Below are entries; copy exactly the lines from the one with "Патрубок системы охлаждения" through the one with "Coach medium wallet-4", both included, and leave out the rest.

[Caption-style text data]
== Segment start ==
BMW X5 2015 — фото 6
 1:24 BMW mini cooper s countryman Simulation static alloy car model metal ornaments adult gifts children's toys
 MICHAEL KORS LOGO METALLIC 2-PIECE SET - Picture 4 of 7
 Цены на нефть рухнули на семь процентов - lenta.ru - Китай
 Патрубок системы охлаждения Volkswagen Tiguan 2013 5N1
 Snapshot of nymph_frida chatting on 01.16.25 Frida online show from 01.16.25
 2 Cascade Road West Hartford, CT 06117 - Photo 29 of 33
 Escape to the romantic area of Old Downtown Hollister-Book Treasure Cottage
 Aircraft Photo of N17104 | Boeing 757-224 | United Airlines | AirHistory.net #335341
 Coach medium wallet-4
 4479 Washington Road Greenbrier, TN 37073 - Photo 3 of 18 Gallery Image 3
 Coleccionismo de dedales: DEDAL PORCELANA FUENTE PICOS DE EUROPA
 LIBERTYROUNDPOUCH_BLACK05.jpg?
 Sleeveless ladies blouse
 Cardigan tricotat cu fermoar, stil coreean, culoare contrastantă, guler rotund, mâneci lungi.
== Segment end ==
▶ [Solution to the problem]
 Патрубок системы охлаждения Volkswagen Tiguan 2013 5N1
 Snapshot of nymph_frida chatting on 01.16.25 Frida online show from 01.16.25
 2 Cascade Road West Hartford, CT 06117 - Photo 29 of 33
 Escape to the romantic area of Old Downtown Hollister-Book Treasure Cottage
 Aircraft Photo of N17104 | Boeing 757-224 | United Airlines | AirHistory.net #335341
 Coach medium wallet-4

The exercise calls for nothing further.